Here’s why oil prices are closer to the ceiling than they are to the floor

Price between the $50 – $70 per barrel makes a strong case as a good ceiling range for a “competitive” oil market

The number one game changer in the oil market over the last five years has been the US shale revolution. And with that in the picture, it makes for a time where we can actually see some form of “competitiveness” in the oil market.

When the financial crisis hit in 2008-09, we were still in a monopoly of a market dominated by OPEC. At the time when prices slumped, what OPEC did was that they cut production by nearly 3 mil bpd to help “stabilise” the market, and prices soared back to $100 per barrel.

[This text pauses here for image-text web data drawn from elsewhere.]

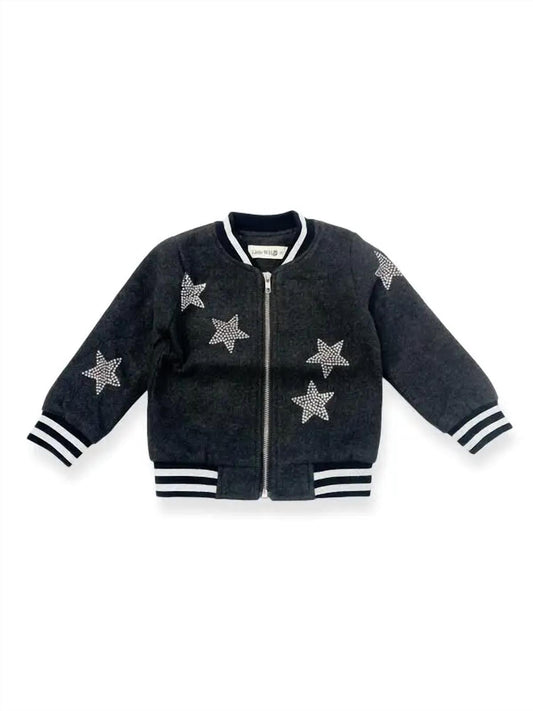 Little Who - Star Rhinestone Bomber Jacket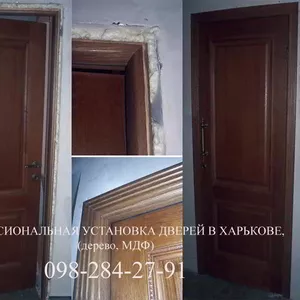 Установка межкомнатных дверей в Харькове.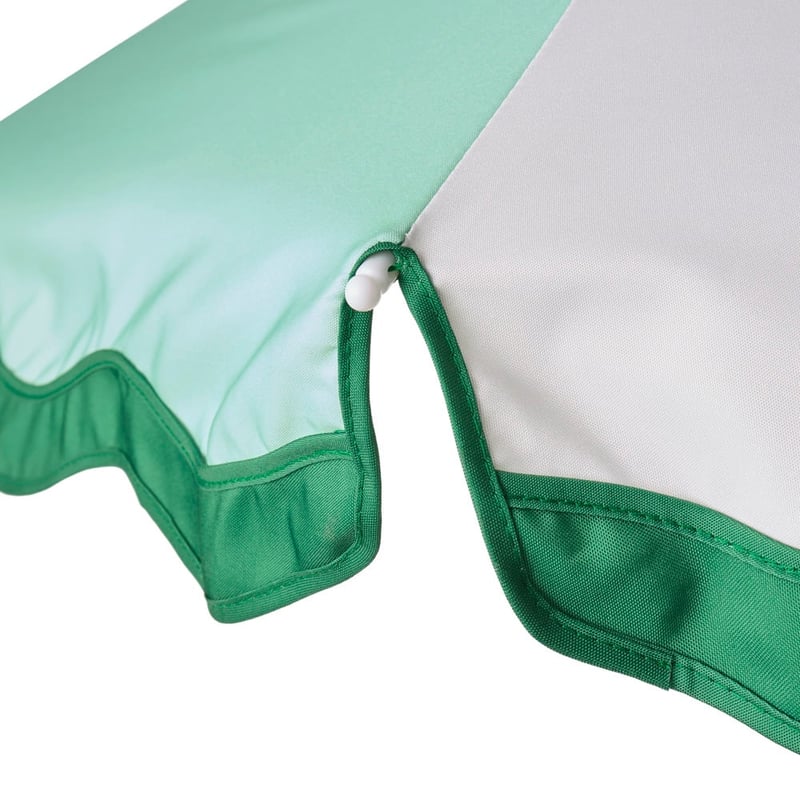 Aqua & Natural Beach Umbrella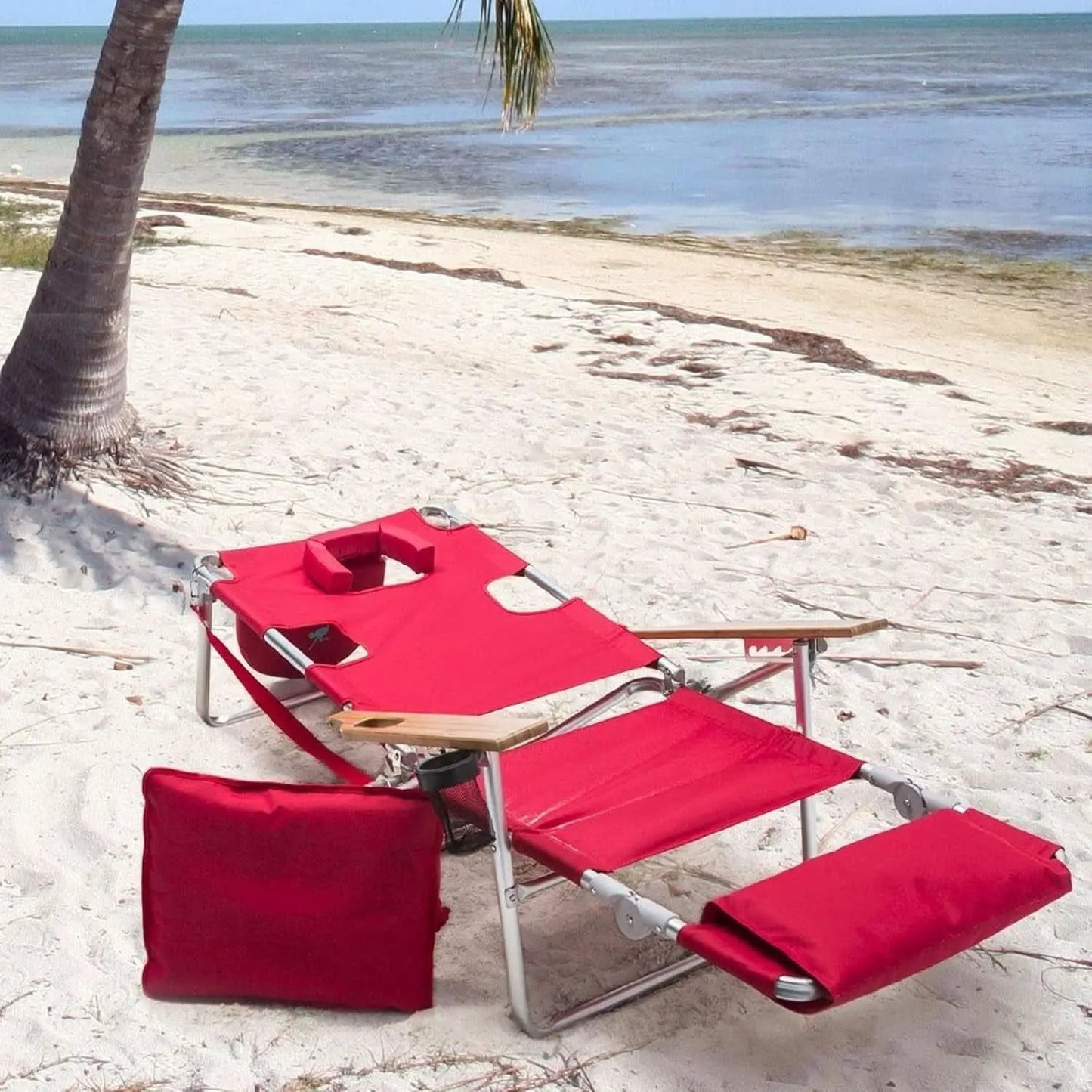 Deluxe Lightweight Reclining Lounge Chair with Footrest from PriceLows™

And in times when there is a surge in demand, OPEC raises production sharply; let’s face it, it was a rigged game and every one knows that. That has been the conundrum the oil market has been sitting in since 2004 up until 2014.

While the current market is still somewhat largely dominated by OPEC, the US shale revolution has changed its dynamics – and OPEC’s production cuts this time around just isn’t going to cut it.

Shale oil may be a bit more costly than your typical Saudi oil producers, but the thing about it is that production can be switched on and off much, much easier – and the cost of having to switch from shutting down to starting up is relatively cheap.

And that makes shale oil producers the so-called swing producers in the oil market, taking the title away from OPEC and its members. They can shut down when demand is weak, but they can just as equally ramp it up when demand picks up again. Or have you will, they are also more elastic to price changes in the oil market.

OPEC’s role in “stabilising” the market cannot be taken away – as evident by the rise in oil prices over the last year – but their influence in having to “restore” the market has greatly diminished thanks to the US shale revolution. That means while they are able to sort out temporary kinks and disruptions in the oil market, it’s a losing battle if they are trying to wage a war against US shale producers.

Take a scenario where we will see a sudden global adoption of electric cars for example. If that is to happen, oil prices will take a nose dive as demand would massively suffer – likely on a permanent basis. In a scenario like that, it doesn’t make sense for OPEC to cut production because that will just mean that they would lose out on market share.

While we are not at the point where electric cars are flooding the streets just yet, the US shale revolution is as close as one can get to a permanent disruption and/or a “competitive” oil market relative to OPEC’s dominance for over 10 years.

I mean, global growth is picking up right now – which boosts demand – and if oil prices start inching higher still, it would only encourage more shale producers to resume operations again. And that means OPEC has no reason to cut production too otherwise it will – as per the scenario above – lose out on market share.

Considering that, it only makes sense for OPEC to not wage a war on market share against US shale producers – and that means we are much closer to a price ceiling at current levels for oil than we are actually to a price floor.